I am a planner. There are always a few plans for my life floating around in the back of my mind. On a much smaller scale, I always enter each week with a plan for our meals that somehow brings together all my ideas for things I’d like to cook that come from dog-eared magazine pages, Pinterest pins, internet bookmarks and post-it stuck pages in cookbooks.
My favorite recipe planner pages are from Artsy Fartsy Mama.

I love them because they’re pretty they bring together my menu, my blog posts and other stuff I need to throughout a week and “other stuff” I want to cook, which is what I use the “shopping list” section for. And they’re free.
Because a fair percentage of my recipes come from the internet, I LOVE using ZipList to make my shopping lists. If you’re the least bit techy, you should check out their “How It Works” page for all the details, but it basically works like this:
- Sign up for a free account.
- Install the Recipe Clipper applet and the free app for your phone.

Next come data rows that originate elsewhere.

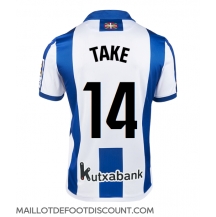 Maillot de football Réplique Real Sociedad Takefusa Kubo #14 Domicile 2024-25 Manche Courte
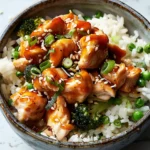Honey Garlic Chicken Rice Bowl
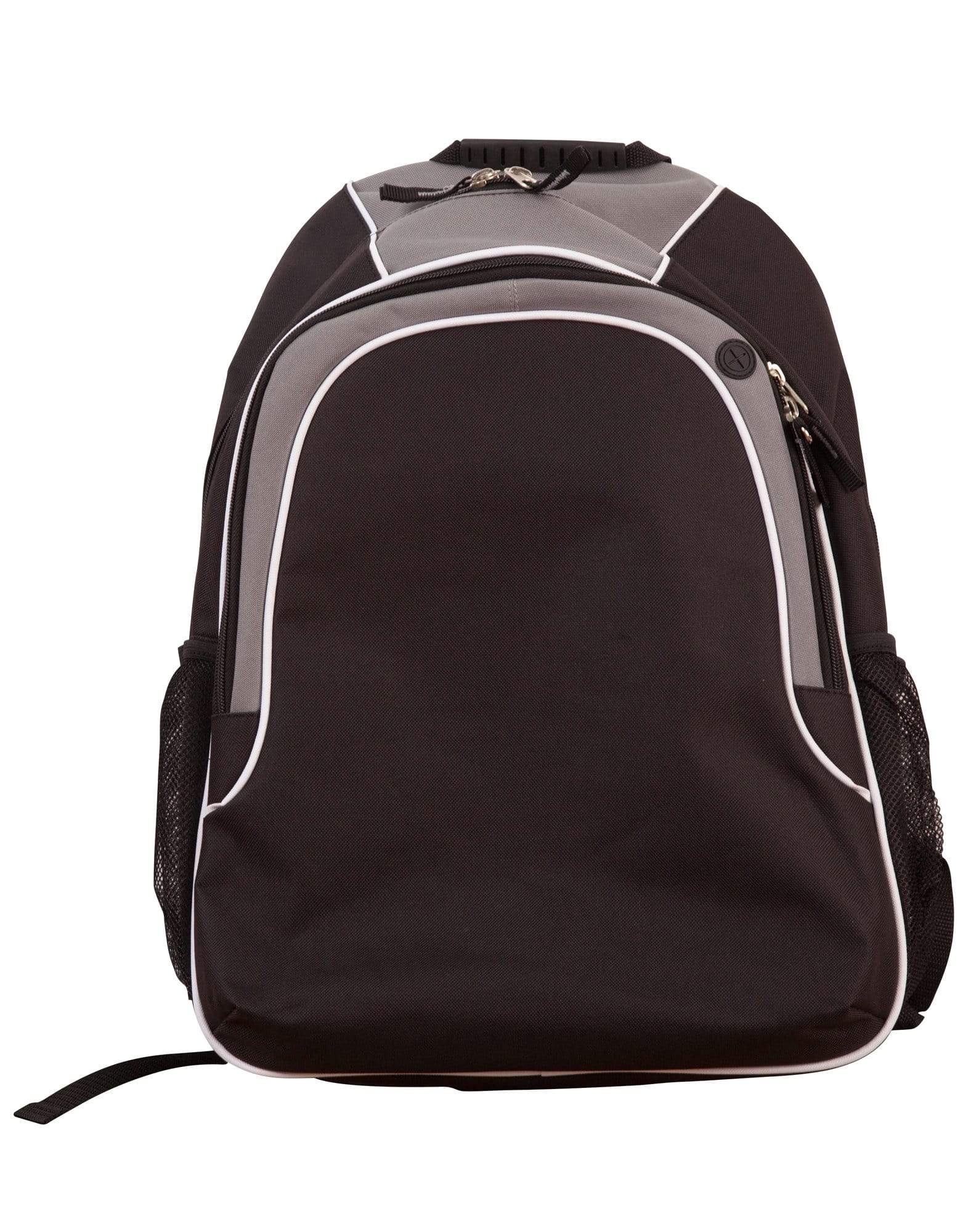 WINNER BACKPACK B5020 Active Wear Winning Spirit Black/White/Grey "(w)35.5cm (h) 43cm (d)15.5cm Capacity: 23 Litres"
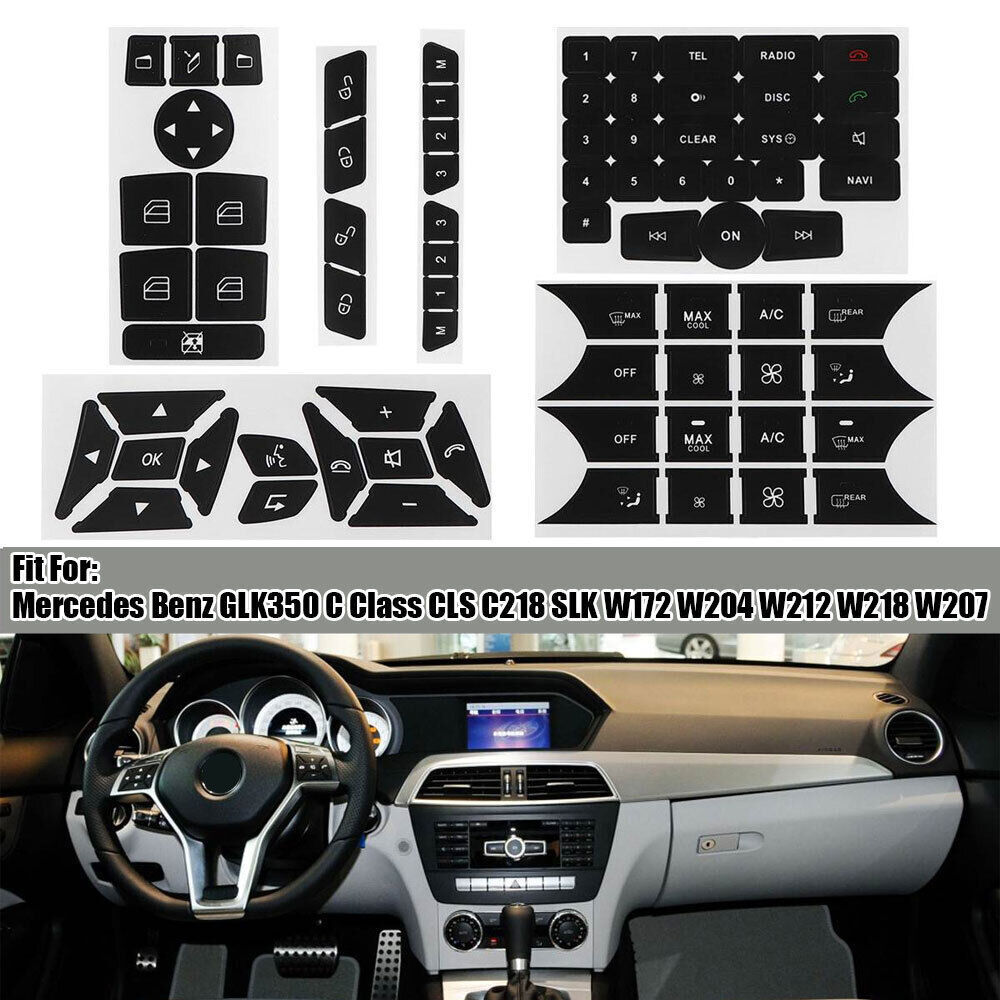 Car Interior Stickers Repair Button Radio Stickers Accessories For Mercedes Benz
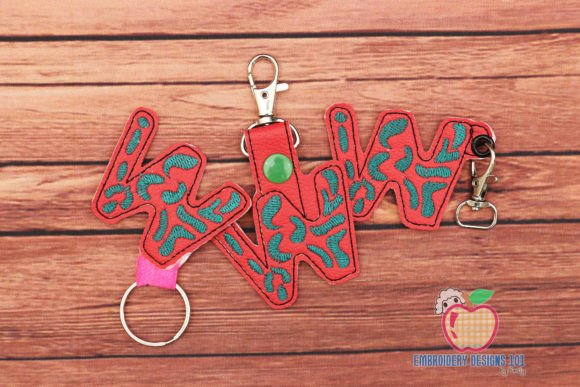 LETTERS W Keyfob Keychain ITH Review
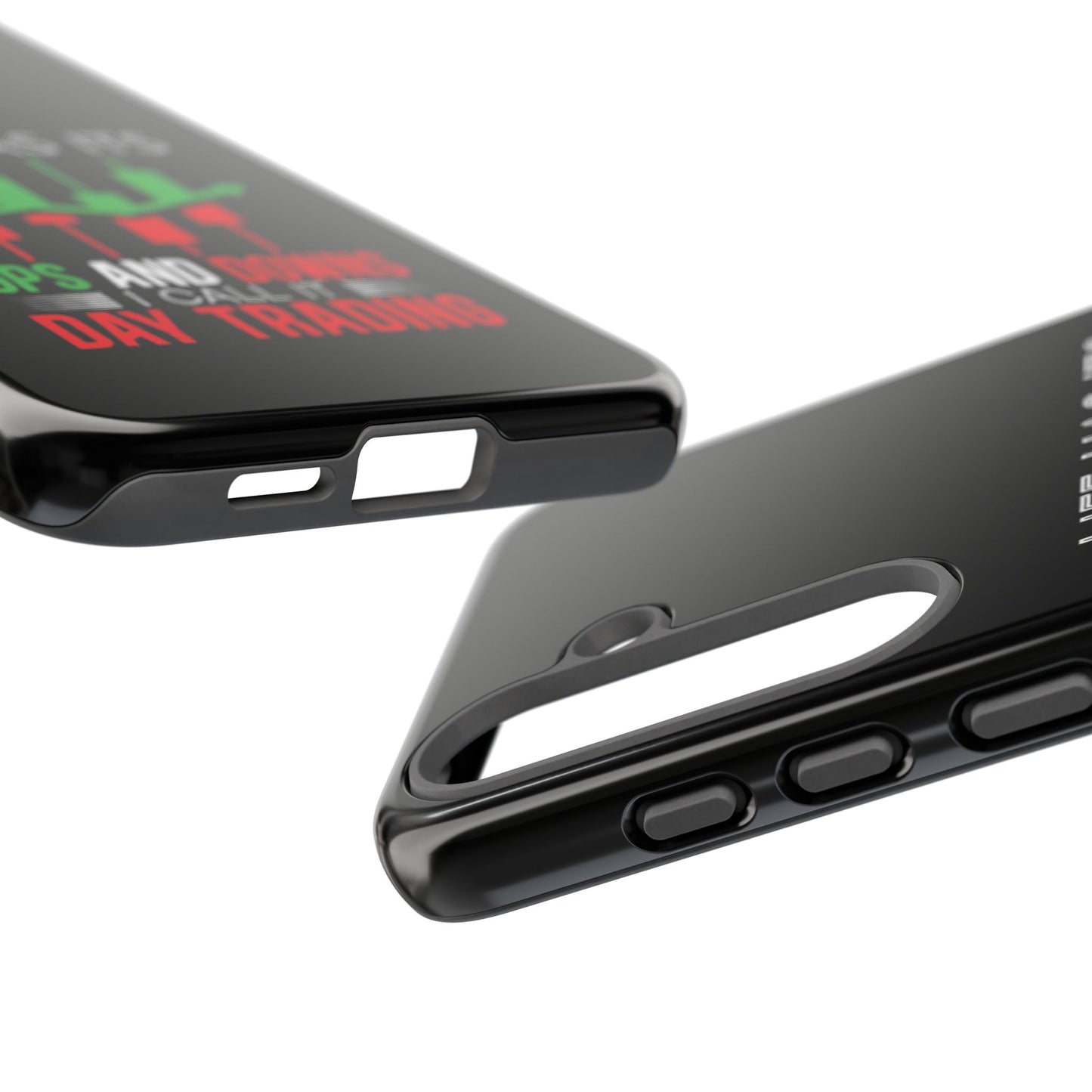 Stylish Phone Case for Day Traders, Life Has Its Ups and Downs, Unique Gift for Traders, Trendy Tech Accessories, iPhone Cover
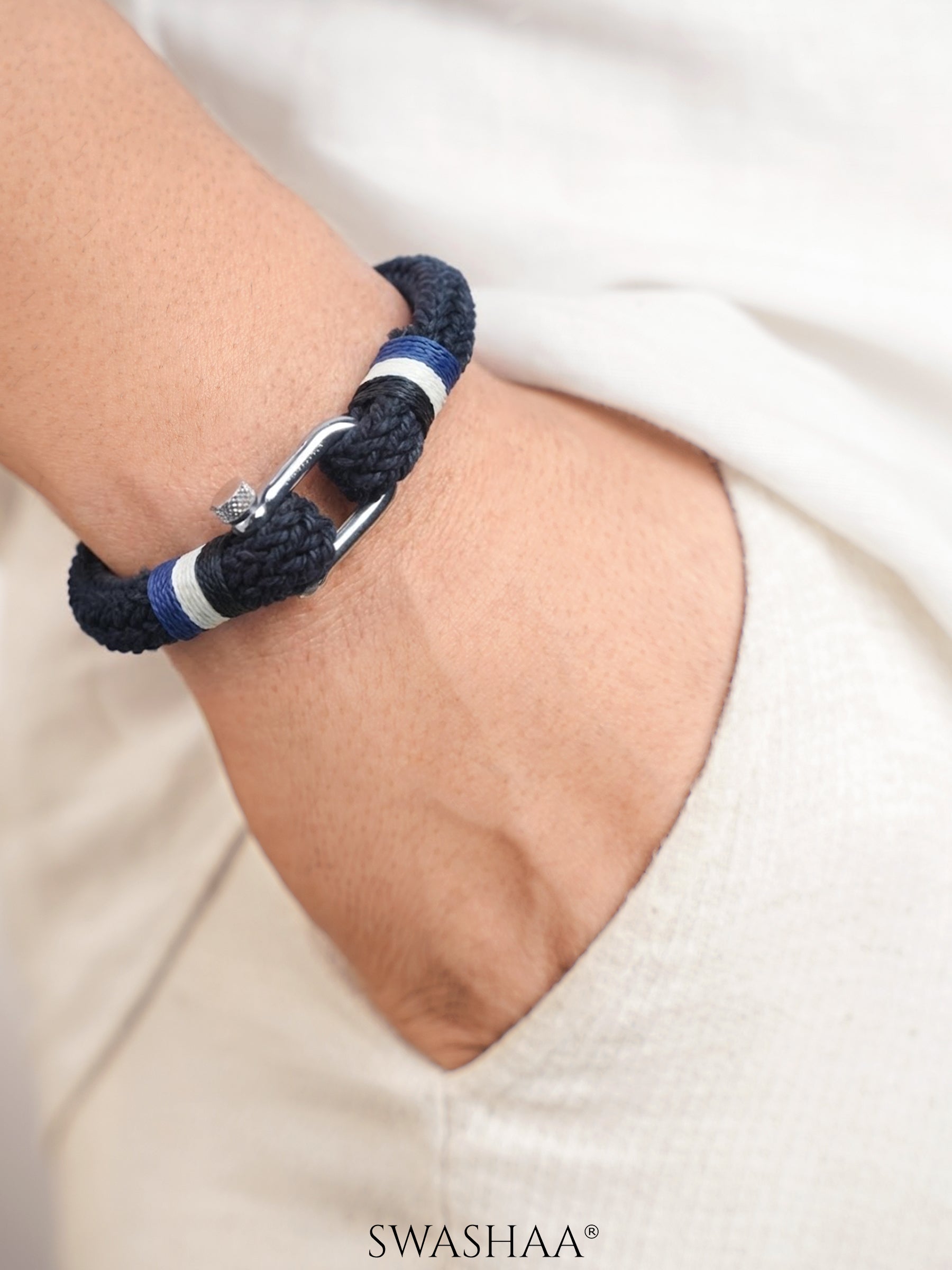 Zyren Braided Men’s Rope Bracelet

- Go to the page where your recipe lives.
- Click the Recipe Clipper. The recipe and all the ingredients are sent to your shopping list.
- Organize the list if needed and manually enter any other things you’re shopping for.
- Take your phone shopping and check the items off as you put them in your cart. The lists are synced back and forth, so whatever you add online is on your phone and whatever you check off on your phone is taken away from the online list. Amazing.
Roasted Vegetable Penne Pasta (adapted slightly from The Slow Roasted Italian)
- INGREDIENTS -
2 zucchini
1 eggplant
8 oz mushrooms, roughly chopped
2 pints pearl or grape tomatoes
1/4 cup extra virgin olive oil
1 cup + 2 tablespoons Parmigiano Reggiano (grated and divided)
3 cloves garlic, minced
1 pound whole wheat penne pasta
salt and pepper, to taste
- PREPARATION -
Preheat oven to 400°. Prepare 2 cookie sheets by lining them with parchment paper.
1. Wash vegetables well with soap and cool water. Dry and cut into bite size pieces, about 1/2″.
2. Separate veggies between two pans and sprinkle with salt and pepper. Roast for 40-45 minutes, rotating top and bottom pan and stirring vegetables every 15 minutes. Once your vegetables start to brown around the edges they are done.

4. Drizzle 1/4 cup olive oil over the top and add garlic and 1 cup cheese. Toss well to combine. Sprinkle top with parmesan cheese and serve.